Required work
Return the listing below unchanged, but without pictures.

Data section

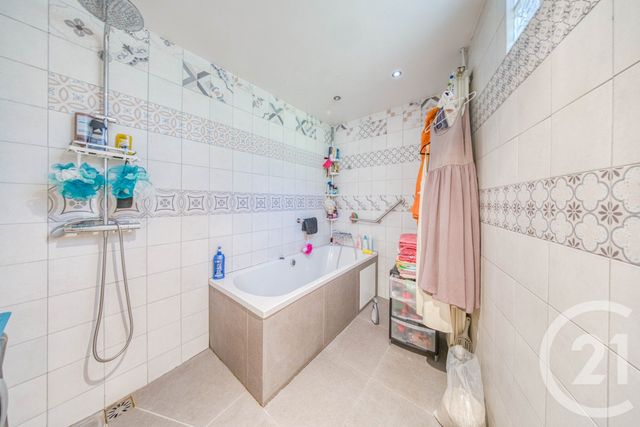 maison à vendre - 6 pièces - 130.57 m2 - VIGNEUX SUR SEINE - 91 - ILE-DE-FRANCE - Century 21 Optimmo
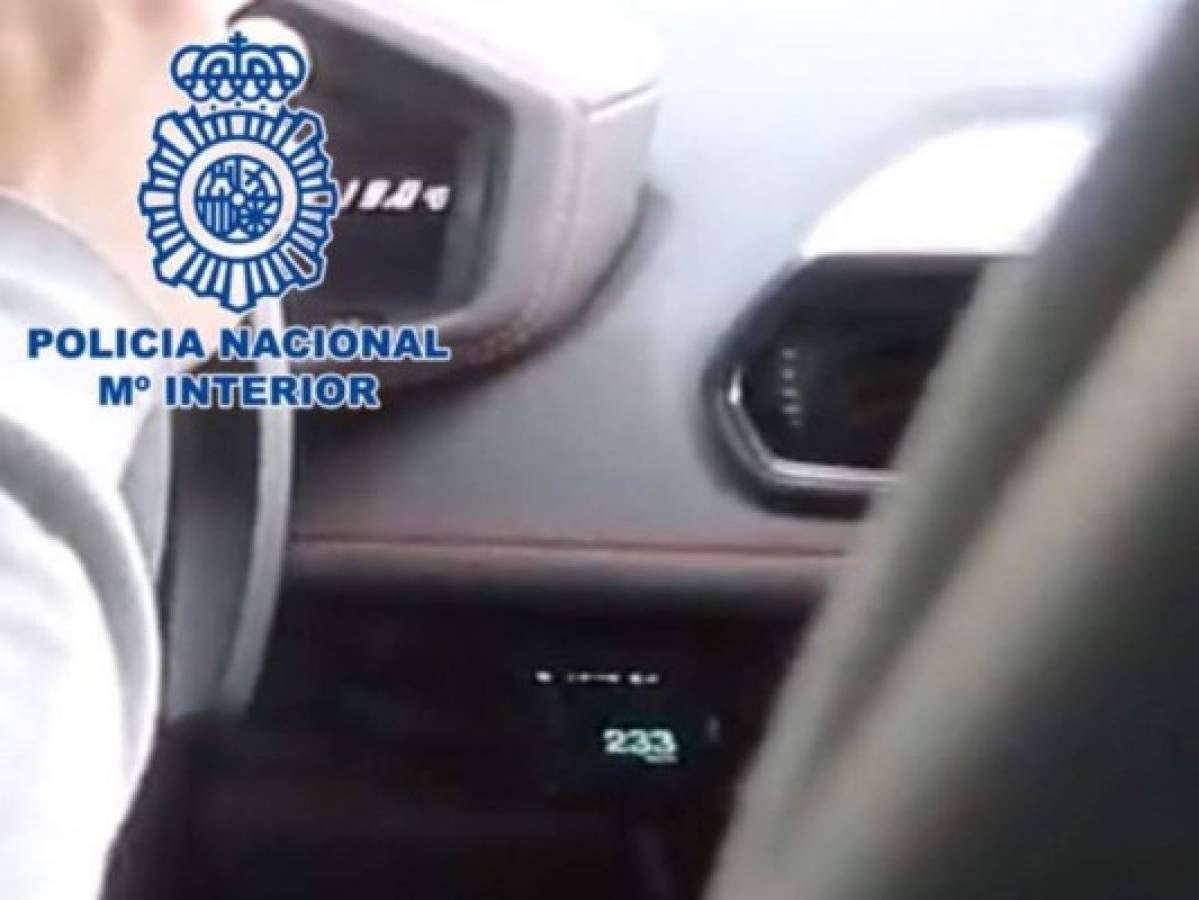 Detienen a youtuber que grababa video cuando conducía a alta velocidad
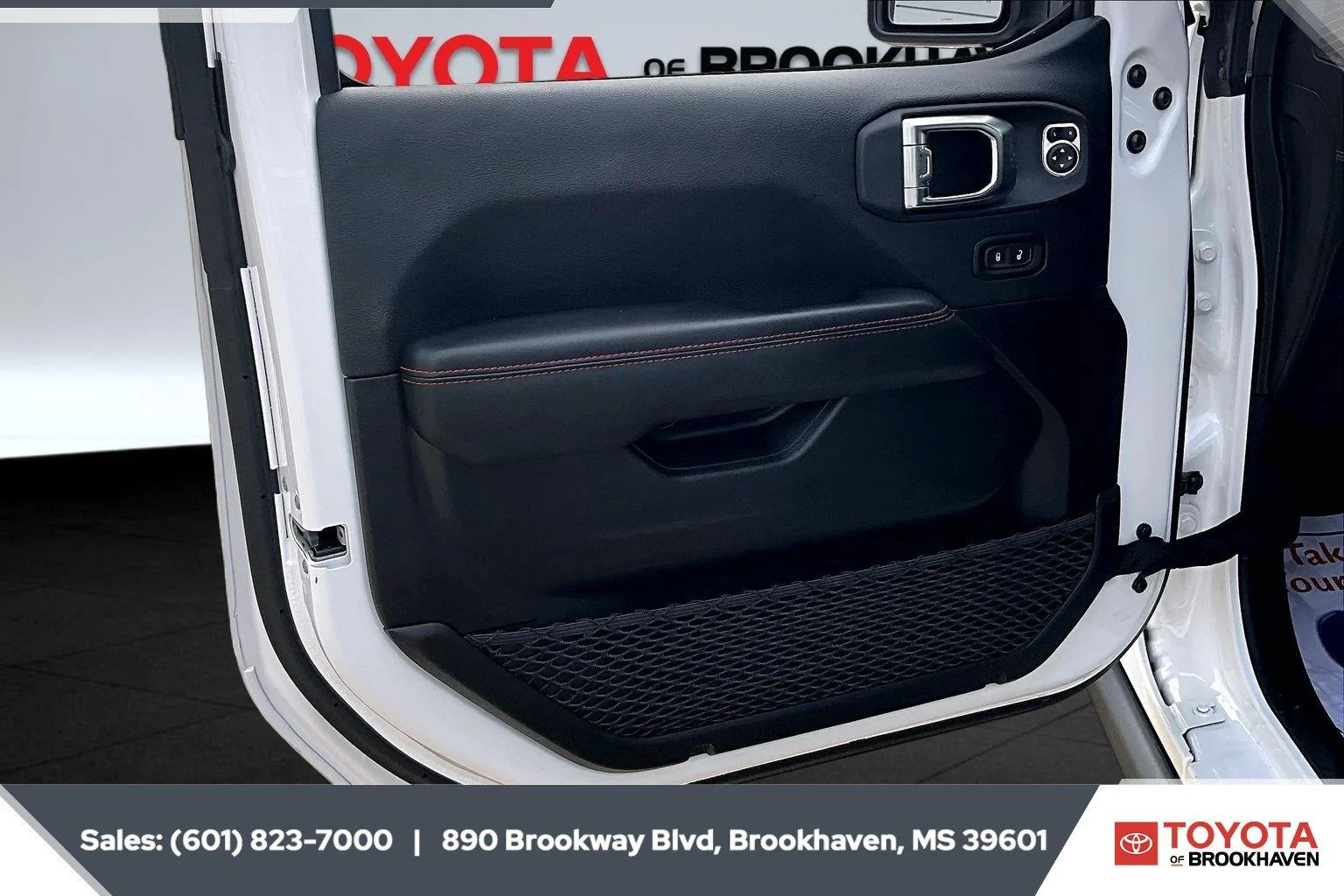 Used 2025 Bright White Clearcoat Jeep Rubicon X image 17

Answer to the problem
 maison à vendre - 6 pièces - 130.57 m2 - VIGNEUX SUR SEINE - 91 - ILE-DE-FRANCE - Century 21 Optimmo
 Detienen a youtuber que grababa video cuando conducía a alta velocidad
 Used 2025 Bright White Clearcoat Jeep Rubicon X image 17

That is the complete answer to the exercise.